Valor econômico, v.19, n.4613, 19/10/2018. Brasil, p. A3

 

Aneel terá nova solução para risco hidrológico de usinas 

Daniel Rittner 

Rafael Bitencourt 

19/10/2018

 

 

A Agência Nacional de Energia Elétrica (Aneel) prepara uma nova solução para o risco hidrológico. O impasse gira em torno das dívidas bilionárias acumuladas pelos donos de usinas hidrelétricas por gerarem energia abaixo do montante contratado. Depois da derrota sofrida pelo governo na terça-feira, quando o Senado rejeitou projeto de lei que ajudava na venda das distribuidoras geridas pela Eletrobras, uma das principais pendências do setor elétrico também ficou sem desfecho. A proposta havia incorporado uma emenda, com a concordância do Ministério de Minas e Energia, para resolver o problema do GSF (sigla em inglês como é conhecido o déficit na geração).

O diretor-geral da Aneel, André Pepitone, convocou um grupo de empresas formado pelos cinco maiores devedores e credores do mercado para uma reunião na próxima semana. Ele vai apresentar uma nova alternativa para desatar o nó que tem travado a liquidação financeira dos contratos de compra e venda no mercado livre de energia, que representa quase 30% do sistema.

O déficit hidrológico ocorre quando as usinas produzem menos do que são obrigadas a entregar para seus clientes, por contrato, devido à estiagem severa e à queda no volume das represas.

Liminares judiciais impedem hoje a liquidação de R$ 8,8 bilhões em contratos. No entanto, a agência estima que esse valor poderia ter um corte de pelo menos 40%, pelo simples fato de que muitos devedores em uma ponta são também credores em outras operações. Com isso, o valor líquido das dívidas ficaria em R$ 6 bilhões - ou até mesmo abaixo.

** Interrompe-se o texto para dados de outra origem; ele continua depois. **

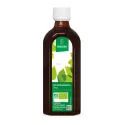 WELEDA Berkensap 250 ml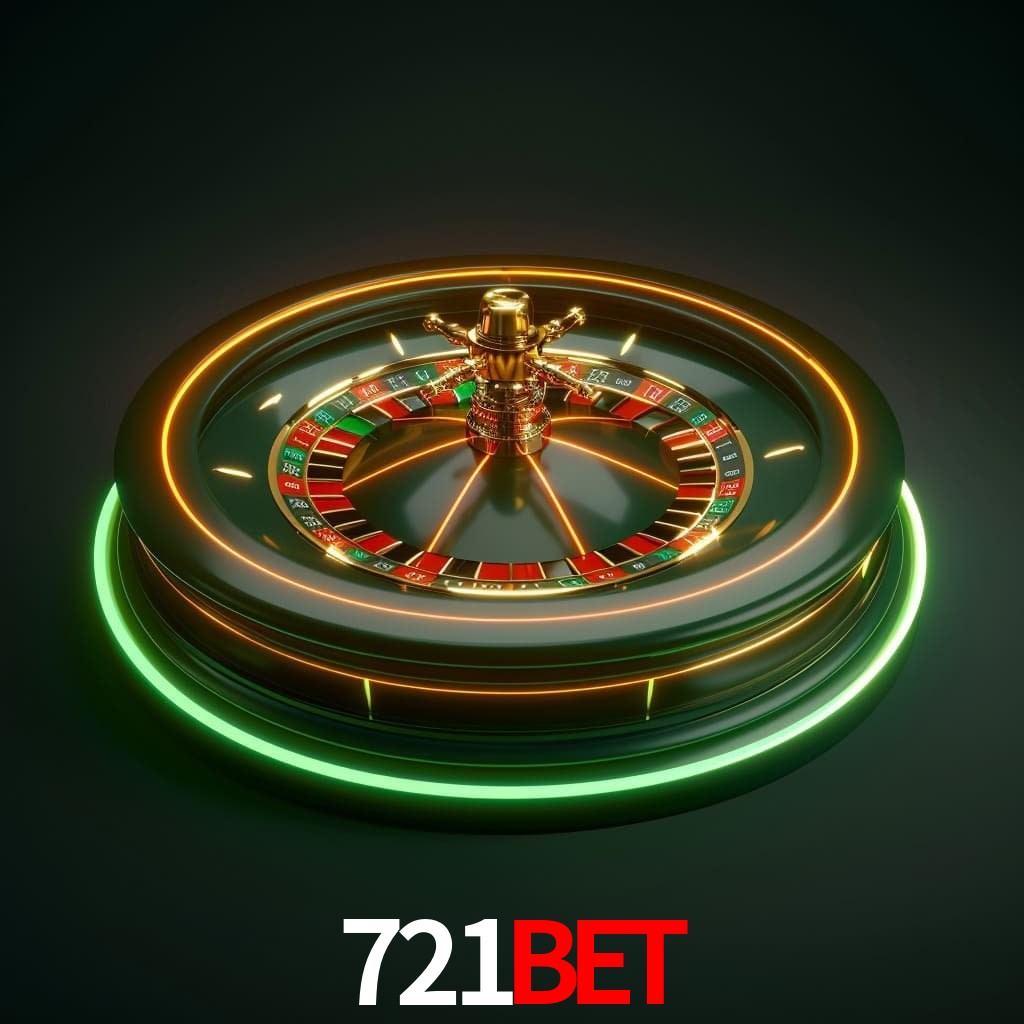 Download de APK seguro na 721bet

O cerne da nova proposta prevê que as empresas devem entrar em acordos bilaterais, submetendo-se à chancela da Aneel e definindo um prazo para a quitação do passivo, mediante a desistência das ações judiciais em andamento. Para resolver o problema do passado e a forma de pagamento, se à vista ou em parcelas, Pepitone esclarece: "Temos toda a tolerância com relação a prazos".

Como estímulo à assinatura de acordos extrajudiciais entre devedores e credores, a Aneel desenhou um mecanismo que atenua significativamente o risco hidrológico daqui em diante. Somente quem tiver regularizado sua situação teria acesso ao regime para minimizar o problema do GSF nas usinas.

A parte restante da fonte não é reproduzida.